- [Problem description]: Compute the number of lines in the following data that include the word "Photo", and output that number alone.
---------- Records
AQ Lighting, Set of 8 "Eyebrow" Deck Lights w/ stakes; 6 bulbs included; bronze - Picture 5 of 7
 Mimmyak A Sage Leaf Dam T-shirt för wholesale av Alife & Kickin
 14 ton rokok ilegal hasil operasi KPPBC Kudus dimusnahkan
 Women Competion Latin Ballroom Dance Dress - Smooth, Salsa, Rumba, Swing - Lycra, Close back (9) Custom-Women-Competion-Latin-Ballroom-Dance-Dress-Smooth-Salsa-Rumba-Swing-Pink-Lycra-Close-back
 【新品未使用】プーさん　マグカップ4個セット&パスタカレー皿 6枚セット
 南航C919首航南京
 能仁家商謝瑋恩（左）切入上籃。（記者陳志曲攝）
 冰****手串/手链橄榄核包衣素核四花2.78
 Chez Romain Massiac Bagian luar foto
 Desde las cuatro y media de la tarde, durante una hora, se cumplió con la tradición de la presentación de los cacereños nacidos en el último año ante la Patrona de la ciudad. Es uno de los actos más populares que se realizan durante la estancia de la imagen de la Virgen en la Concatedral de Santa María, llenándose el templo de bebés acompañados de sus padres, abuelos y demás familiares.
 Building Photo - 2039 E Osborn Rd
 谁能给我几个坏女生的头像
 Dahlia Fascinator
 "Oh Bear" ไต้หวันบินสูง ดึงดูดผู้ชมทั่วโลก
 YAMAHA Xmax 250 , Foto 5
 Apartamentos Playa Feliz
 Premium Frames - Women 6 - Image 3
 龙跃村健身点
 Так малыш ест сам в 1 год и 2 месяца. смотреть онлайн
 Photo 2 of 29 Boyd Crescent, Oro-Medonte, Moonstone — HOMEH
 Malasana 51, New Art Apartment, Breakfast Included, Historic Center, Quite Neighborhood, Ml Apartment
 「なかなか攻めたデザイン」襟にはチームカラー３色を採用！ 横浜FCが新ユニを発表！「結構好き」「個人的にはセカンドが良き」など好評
--------------------
- [Output of the task]: 2